VideoCore IV Programmers Manual (Raspberry Pi) - hermanhermitage
https://github.com/hermanhermitage/videocoreiv/wiki/VideoCore-IV-Programmers-Manual

======
hermanhermitage
Apologies if its bad form to post a reference to my own github.

The VPU documentation is now at stage where enough instructions are described
to do useful work.

I am about to begin writing up a set of tutorials for beginners who want to
leverage the VPU.

We are looking to push forward with a robust port of GNU Binutils for
VideoCore IV, and seeking contributors.

Similarly we are looking for contributors to help with ports of GCC and LLVM.

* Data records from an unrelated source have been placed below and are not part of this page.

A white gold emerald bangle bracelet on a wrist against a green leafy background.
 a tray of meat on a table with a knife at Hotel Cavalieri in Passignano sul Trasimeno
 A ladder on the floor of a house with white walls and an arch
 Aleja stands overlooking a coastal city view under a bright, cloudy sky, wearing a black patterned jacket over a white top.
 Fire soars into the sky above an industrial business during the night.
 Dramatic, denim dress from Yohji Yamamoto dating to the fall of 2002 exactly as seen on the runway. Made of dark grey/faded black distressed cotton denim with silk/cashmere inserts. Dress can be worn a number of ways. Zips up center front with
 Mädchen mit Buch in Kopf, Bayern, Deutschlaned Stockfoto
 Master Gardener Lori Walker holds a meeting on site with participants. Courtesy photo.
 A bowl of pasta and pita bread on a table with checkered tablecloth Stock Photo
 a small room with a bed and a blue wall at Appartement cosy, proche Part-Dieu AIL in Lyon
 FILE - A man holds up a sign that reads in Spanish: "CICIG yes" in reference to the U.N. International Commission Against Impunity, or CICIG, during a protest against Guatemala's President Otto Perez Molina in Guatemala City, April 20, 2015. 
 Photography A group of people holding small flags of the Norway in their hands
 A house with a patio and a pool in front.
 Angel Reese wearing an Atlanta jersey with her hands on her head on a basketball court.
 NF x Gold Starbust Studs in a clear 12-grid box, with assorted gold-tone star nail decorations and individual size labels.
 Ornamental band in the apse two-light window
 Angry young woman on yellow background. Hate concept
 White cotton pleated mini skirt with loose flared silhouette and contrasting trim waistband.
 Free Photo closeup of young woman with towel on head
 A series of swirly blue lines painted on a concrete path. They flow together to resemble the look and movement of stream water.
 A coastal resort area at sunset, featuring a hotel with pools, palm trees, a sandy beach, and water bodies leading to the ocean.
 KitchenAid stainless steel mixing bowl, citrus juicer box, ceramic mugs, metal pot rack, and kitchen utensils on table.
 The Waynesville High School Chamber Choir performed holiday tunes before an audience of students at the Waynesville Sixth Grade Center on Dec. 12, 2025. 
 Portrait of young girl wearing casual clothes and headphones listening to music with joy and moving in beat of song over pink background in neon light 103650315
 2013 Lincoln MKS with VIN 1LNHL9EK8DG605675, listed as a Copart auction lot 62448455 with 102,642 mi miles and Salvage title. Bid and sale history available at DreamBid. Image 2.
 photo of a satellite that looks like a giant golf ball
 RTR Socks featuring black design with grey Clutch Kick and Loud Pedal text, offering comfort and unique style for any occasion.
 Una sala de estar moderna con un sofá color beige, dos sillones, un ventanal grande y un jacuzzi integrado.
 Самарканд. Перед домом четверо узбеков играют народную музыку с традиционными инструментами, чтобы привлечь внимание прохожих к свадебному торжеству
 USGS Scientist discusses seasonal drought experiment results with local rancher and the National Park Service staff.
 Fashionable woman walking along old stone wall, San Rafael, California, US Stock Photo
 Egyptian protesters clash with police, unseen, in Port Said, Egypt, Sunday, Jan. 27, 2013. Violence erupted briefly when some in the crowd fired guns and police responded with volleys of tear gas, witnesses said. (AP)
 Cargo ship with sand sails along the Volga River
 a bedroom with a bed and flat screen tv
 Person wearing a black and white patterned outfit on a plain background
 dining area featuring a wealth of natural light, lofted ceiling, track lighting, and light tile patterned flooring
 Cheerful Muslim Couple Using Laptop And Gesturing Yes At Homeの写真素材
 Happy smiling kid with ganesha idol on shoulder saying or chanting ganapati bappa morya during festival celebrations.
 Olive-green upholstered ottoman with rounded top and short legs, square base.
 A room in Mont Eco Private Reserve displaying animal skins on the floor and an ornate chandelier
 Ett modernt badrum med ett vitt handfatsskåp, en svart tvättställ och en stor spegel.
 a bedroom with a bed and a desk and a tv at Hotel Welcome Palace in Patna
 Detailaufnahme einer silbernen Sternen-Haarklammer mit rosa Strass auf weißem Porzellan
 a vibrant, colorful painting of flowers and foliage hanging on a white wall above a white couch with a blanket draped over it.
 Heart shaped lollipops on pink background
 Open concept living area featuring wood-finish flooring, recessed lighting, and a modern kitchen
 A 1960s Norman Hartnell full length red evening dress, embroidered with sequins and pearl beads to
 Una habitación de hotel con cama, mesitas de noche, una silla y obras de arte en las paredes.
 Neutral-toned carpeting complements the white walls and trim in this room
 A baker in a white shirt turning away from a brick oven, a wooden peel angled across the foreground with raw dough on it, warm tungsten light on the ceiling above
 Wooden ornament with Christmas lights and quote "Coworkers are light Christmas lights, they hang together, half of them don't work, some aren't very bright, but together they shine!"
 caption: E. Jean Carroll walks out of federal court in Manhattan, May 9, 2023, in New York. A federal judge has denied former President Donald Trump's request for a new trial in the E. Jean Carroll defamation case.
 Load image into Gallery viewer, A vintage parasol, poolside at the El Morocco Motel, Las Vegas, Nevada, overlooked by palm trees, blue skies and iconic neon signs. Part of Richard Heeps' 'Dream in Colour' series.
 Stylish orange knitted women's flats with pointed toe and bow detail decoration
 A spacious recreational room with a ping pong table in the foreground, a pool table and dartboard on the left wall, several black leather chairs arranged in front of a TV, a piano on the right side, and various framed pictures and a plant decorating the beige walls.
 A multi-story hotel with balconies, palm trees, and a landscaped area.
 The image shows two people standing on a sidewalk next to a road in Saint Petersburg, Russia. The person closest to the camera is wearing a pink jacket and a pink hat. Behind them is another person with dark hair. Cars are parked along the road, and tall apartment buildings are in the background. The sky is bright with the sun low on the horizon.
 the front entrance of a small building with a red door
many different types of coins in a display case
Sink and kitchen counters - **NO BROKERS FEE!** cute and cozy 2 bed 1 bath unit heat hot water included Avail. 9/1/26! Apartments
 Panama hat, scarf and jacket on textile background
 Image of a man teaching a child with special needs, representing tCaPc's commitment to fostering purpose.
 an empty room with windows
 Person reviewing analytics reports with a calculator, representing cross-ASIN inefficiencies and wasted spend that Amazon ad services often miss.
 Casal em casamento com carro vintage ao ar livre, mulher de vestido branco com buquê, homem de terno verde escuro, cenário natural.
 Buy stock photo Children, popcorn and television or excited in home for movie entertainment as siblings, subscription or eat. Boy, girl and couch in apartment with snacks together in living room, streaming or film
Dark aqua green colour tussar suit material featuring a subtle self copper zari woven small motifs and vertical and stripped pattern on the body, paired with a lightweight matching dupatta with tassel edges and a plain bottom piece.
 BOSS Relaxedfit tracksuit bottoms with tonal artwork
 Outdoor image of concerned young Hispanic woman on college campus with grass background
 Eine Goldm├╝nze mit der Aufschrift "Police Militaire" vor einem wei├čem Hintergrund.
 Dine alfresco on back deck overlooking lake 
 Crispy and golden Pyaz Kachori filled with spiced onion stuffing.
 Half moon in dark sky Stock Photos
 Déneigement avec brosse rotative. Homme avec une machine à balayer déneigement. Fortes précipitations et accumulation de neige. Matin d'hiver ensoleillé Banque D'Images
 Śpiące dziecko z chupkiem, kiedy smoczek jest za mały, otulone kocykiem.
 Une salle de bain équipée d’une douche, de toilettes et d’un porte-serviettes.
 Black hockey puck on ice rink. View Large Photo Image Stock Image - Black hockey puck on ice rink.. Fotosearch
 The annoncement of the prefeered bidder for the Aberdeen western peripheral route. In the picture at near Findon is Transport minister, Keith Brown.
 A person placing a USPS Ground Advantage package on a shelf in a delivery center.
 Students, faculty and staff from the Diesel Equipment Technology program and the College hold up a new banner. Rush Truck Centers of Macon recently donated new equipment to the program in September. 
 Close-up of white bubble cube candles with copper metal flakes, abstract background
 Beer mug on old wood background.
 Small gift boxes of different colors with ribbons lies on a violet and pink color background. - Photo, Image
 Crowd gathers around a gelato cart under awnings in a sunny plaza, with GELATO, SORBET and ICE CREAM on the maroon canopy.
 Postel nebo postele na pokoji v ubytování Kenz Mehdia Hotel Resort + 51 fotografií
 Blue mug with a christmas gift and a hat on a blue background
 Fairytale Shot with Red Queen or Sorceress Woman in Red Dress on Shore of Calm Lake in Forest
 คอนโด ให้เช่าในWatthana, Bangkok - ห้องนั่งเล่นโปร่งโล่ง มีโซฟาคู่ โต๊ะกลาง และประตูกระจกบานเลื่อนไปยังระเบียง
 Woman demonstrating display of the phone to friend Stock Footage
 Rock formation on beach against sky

Some Background: The SoC in the Raspberry Pi has 3 processors / instruction
sets - (1) An ARM v6 @700MHz for userland, (2) a VideoCore IV VPU @250MHz with
dual core, dual issue and 16-way SIMD integer vector processor for running the
blob, codecs, 2d acceleration etc, and (3) a 24 GFLOPS shader processor (QPUs)
for OpenGL ES and OpenVG.

Understanding the QPUs is also under way at
[https://github.com/hermanhermitage/videocoreiv-
qpu](https://github.com/hermanhermitage/videocoreiv-qpu). Currently we are
able to intercept and disassemble the QPU fragments generated when compiling
OpenGL ES shaders. I have also begun injecting my own fragments, and am
looking forward to creating a signal processing API or mini OpenCL type
library to exploit the 24 GFLOPS.